The Wayans brothers comedy Little Man placed second with three Razzies, including shared prizes by Shawn and Marlon Wayans for worst actor and worst screen couple.
A follow-up to Stone’s career-making 1992 hit, Basic Instinct 2 revived her femme-fatale predator for a murder thriller set in London, with relatively unknown British actor David Morrissey inheriting the victim’s mantle from Michael Douglas, the star of the first film who did not return for the sequel.
Razzies founder John Wilson said that while Stone still looked good in her late 40s, the movie had no other reason to exist. “Yes, she still has some excuse to drop her robe, but the dialogue, the story, the overall attitude of the character is cartoon-like,” Wilson said. “You have to sort of wonder, is she vamping the movie or does she think she’s giving a serious performance?

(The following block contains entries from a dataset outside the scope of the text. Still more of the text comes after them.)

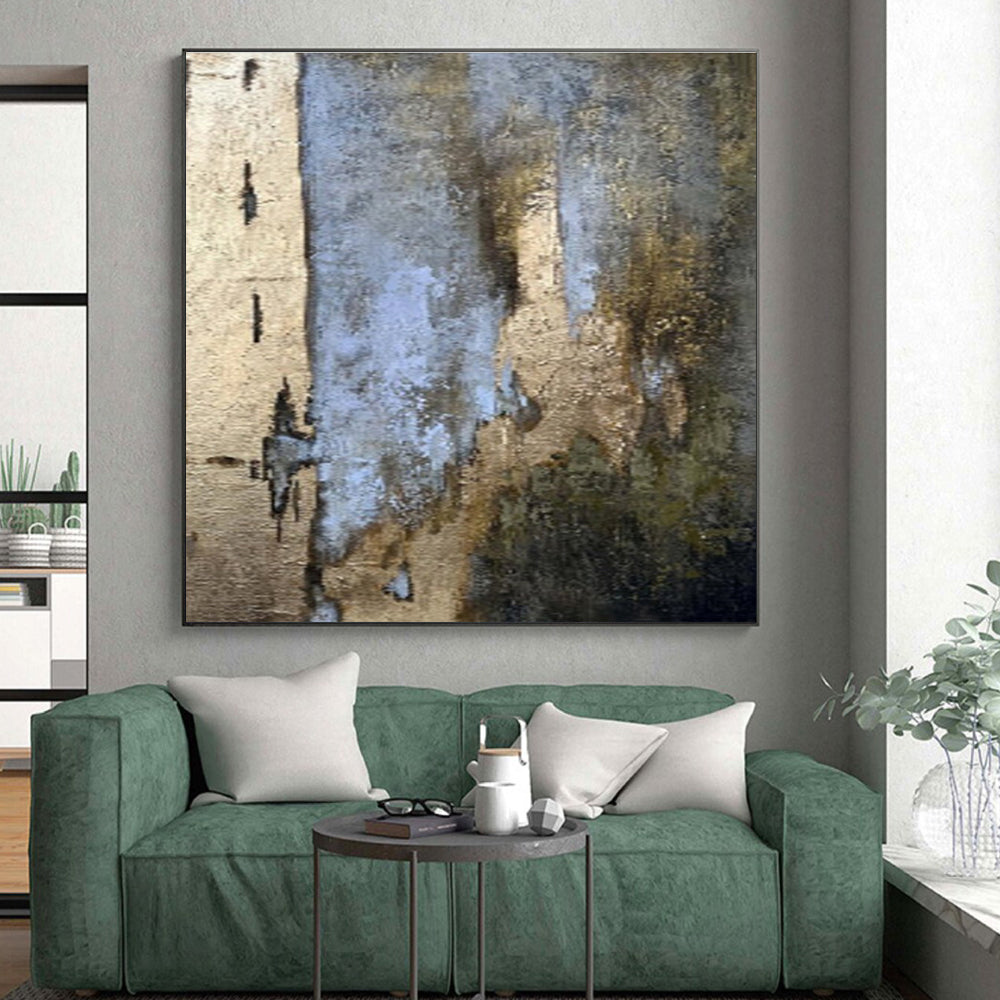 Large Contemporary Wall Art Neutral Tones with Blue and Gold Accents Abstract Art HS648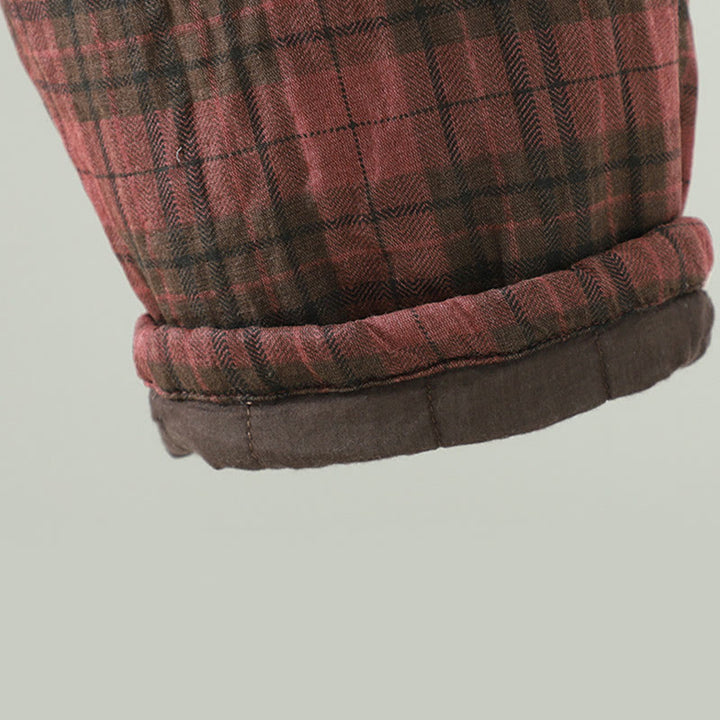 Pantalon thermique harem pour femme, rembourré en coton, à motif à carreaux multicolores Buddha Stones, avec poches - image 14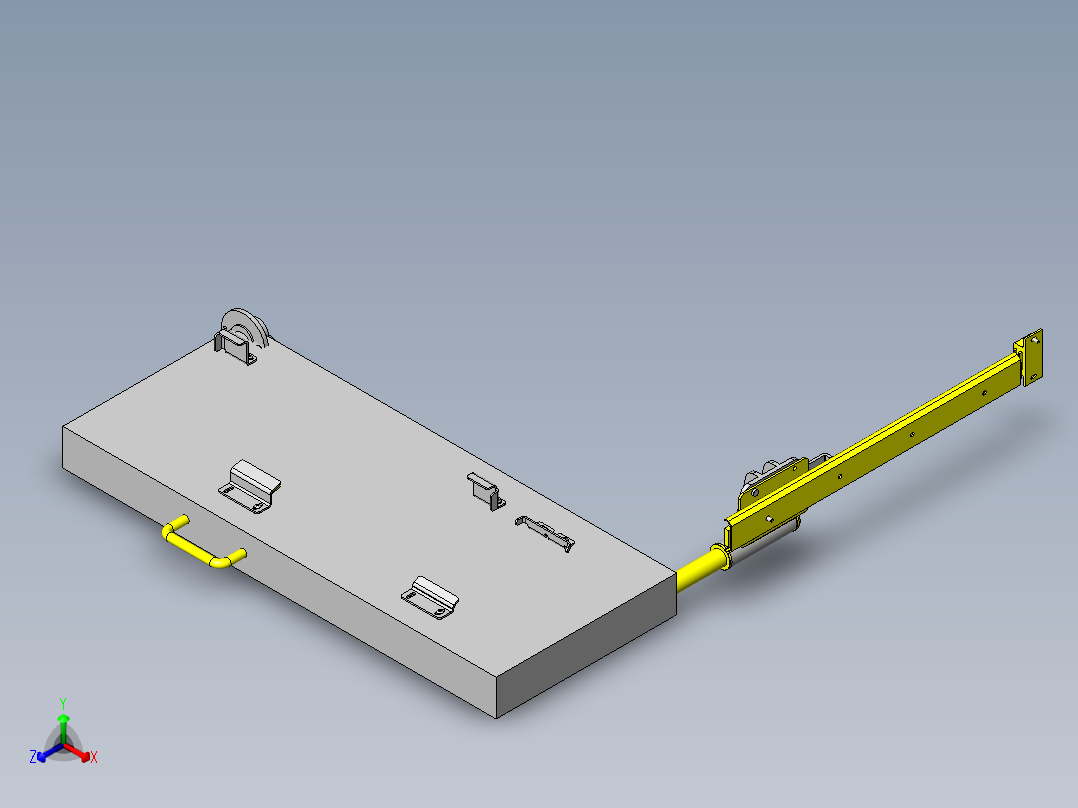 键盘、鼠标收纳式支架正等轴测图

Is she the lone person on the project who got the joke?”
The other Razzies for Basic Instinct 2 were worst screenplay and worst prequel or sequel.
Along with the Razzies for the two Wayans, Little Man also won for worst remake or rip-off because it essentially took the premise of a Bugs Bunny cartoon about a pint-sized hoodlum masquerading as a baby and expanded it to feature length, Wilson said. The images of Marlon Wayans’ grafted head on a 2 1/2-foot man’s body were creepy rather than comical, he added.
Filmmaker M. Night Shyamalan, a Hollywood darling a few years ago with such blockbusters as The Sixth Sense and Signs, was named worst director and worst supporting actor for his fantasy flop, Lady in the Water. Unable to get Disney, which made his previous hits, to back Lady in the Water, Shyamalan decamped to Warner Bros., which produced the movie that was based on a bedtime story the filmmaker dreamed up for his children.
Carmen Electra won for worst supporting actress for Date Movie and Scary Movie 4, the latter featuring her as a character that spoofs Shyamalan’s The Village.